Task prompt: If pictures appear in the lines below, skip them and copy exactly the lines from the one containing "Happy Belly Pecan" through the one containing "Babyhug Woven Sleeveless", and nothing else.

Records:
━━━━━━━━━━━━━━━━

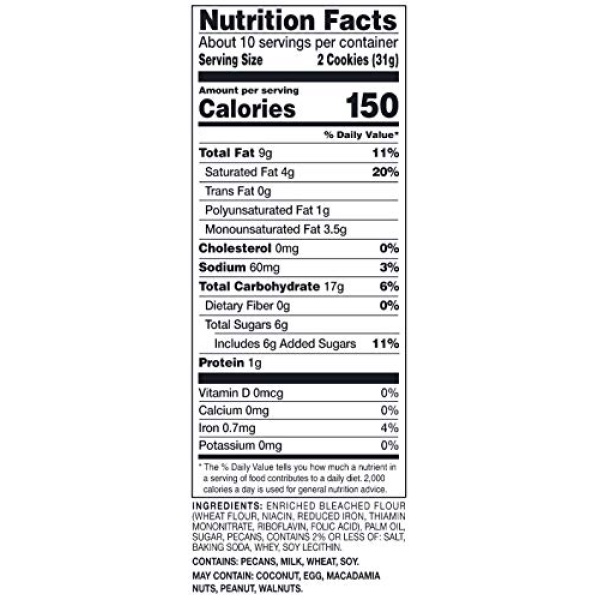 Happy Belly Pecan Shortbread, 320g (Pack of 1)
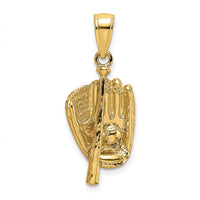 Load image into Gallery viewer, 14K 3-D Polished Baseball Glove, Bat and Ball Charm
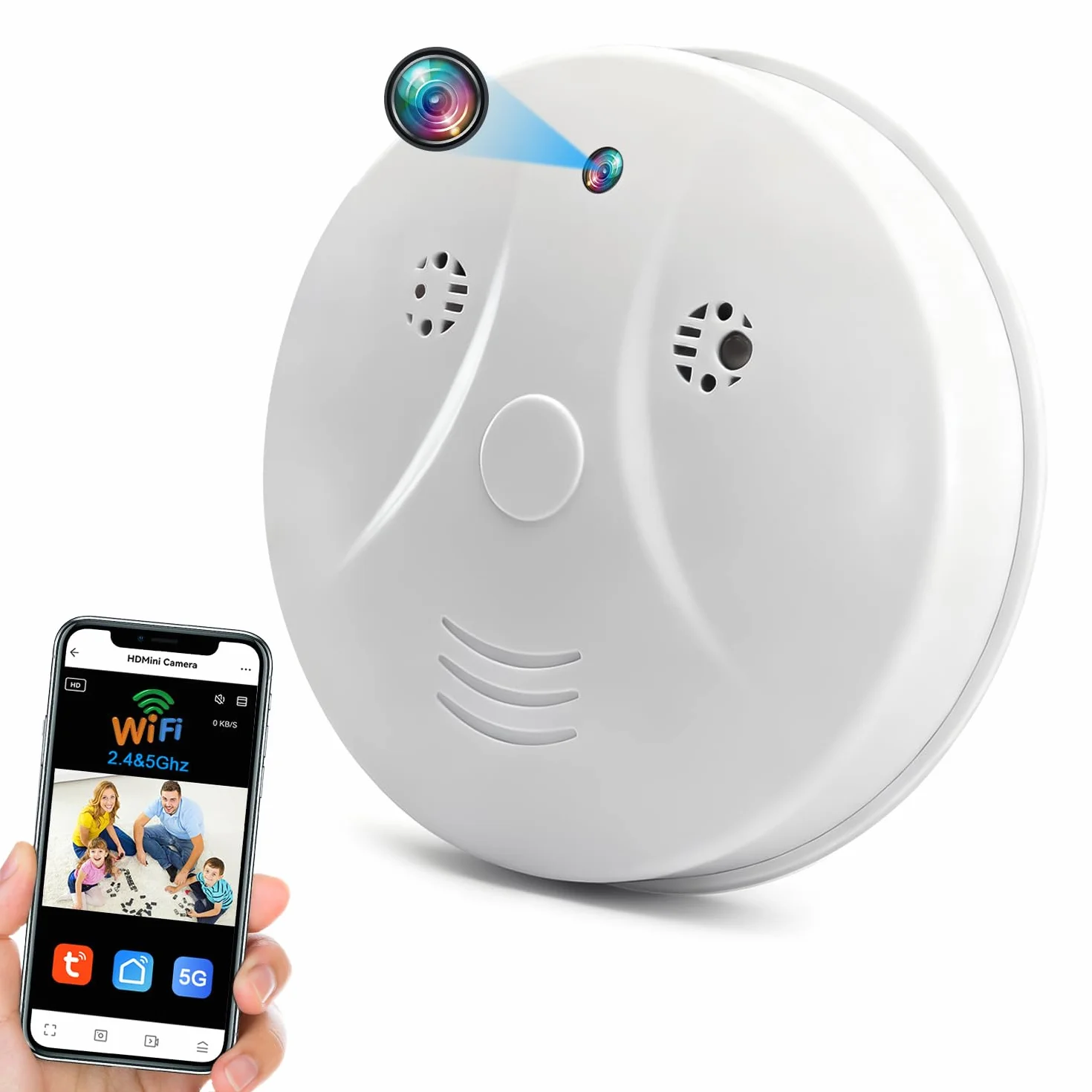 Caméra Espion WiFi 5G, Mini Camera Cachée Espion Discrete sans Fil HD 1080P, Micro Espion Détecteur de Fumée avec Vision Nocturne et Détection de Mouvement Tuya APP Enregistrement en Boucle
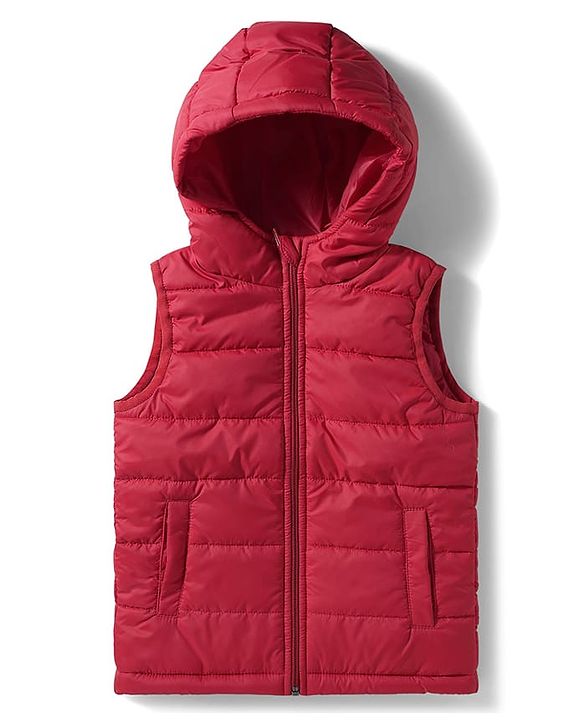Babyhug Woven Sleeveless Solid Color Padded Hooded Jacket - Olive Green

━━━━━━━━━━━━━━━━

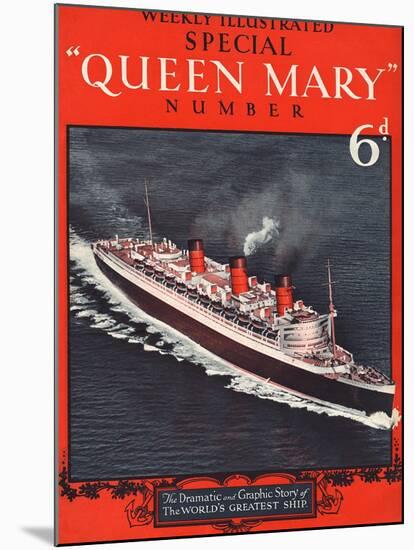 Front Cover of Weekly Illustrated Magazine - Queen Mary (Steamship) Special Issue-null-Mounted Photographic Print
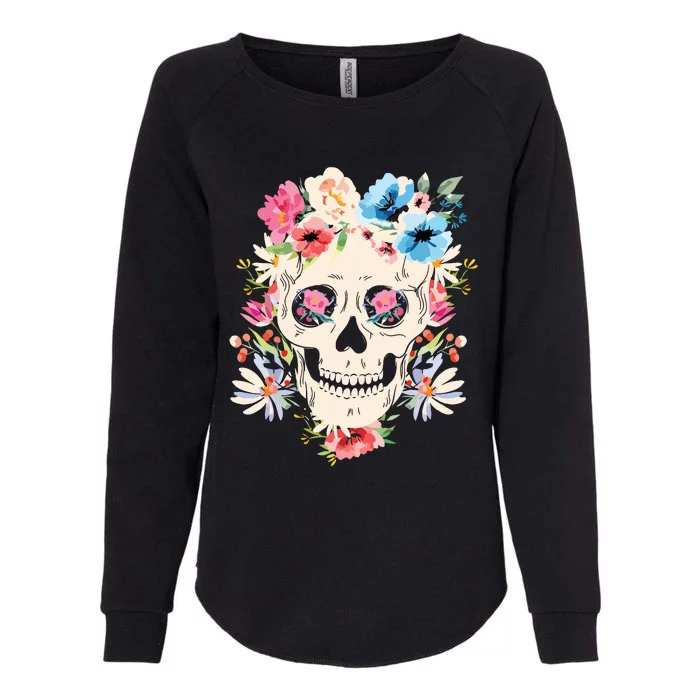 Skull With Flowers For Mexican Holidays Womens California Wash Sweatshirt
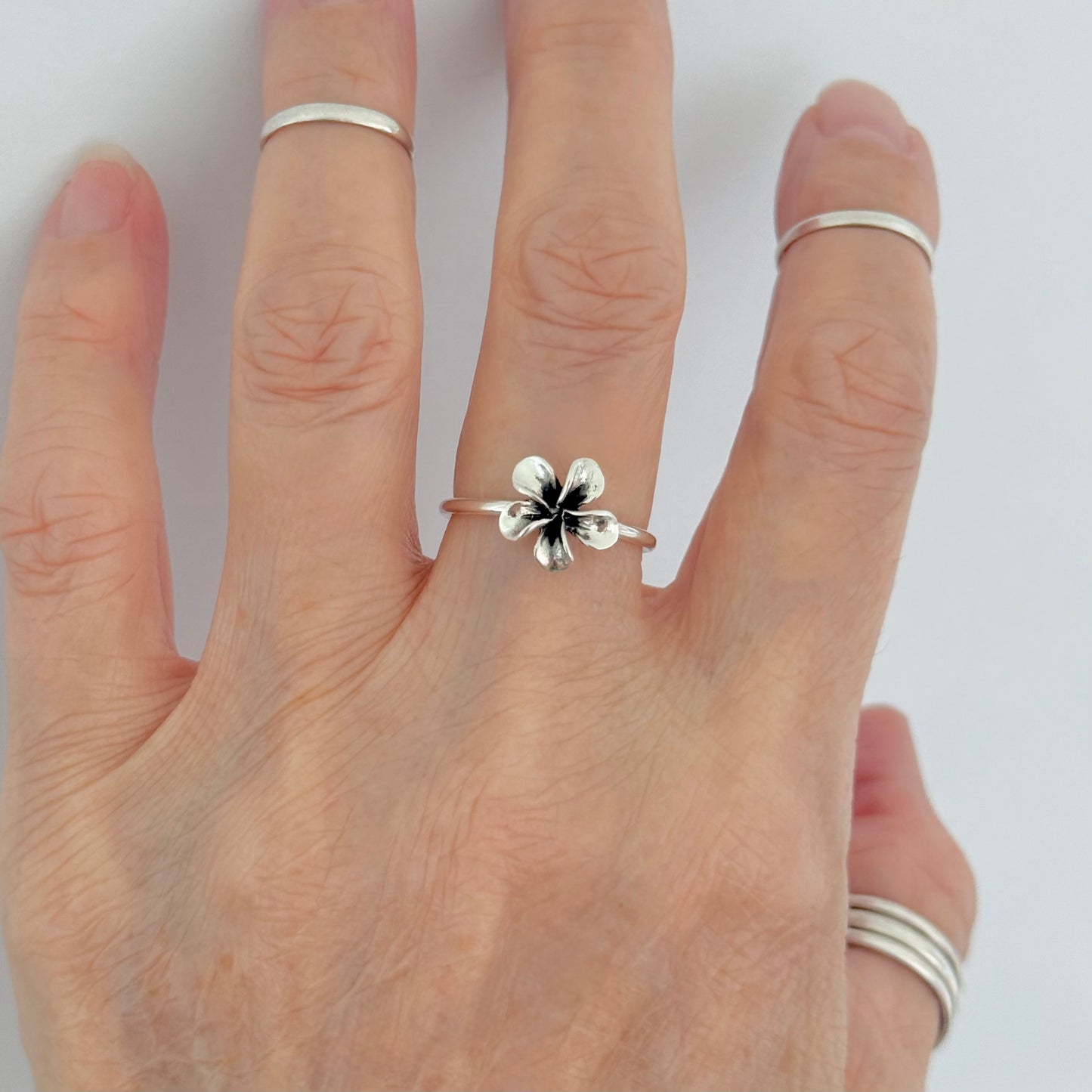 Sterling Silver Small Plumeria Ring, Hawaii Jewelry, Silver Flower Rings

━━━━━━━━━━━━━━━━

Answer section:
 Happy Belly Pecan Shortbread, 320g (Pack of 1)
 Load image into Gallery viewer, 14K 3-D Polished Baseball Glove, Bat and Ball Charm
 Caméra Espion WiFi 5G, Mini Camera Cachée Espion Discrete sans Fil HD 1080P, Micro Espion Détecteur de Fumée avec Vision Nocturne et Détection de Mouvement Tuya APP Enregistrement en Boucle
Babyhug Woven Sleeveless Solid Color Padded Hooded Jacket - Olive Green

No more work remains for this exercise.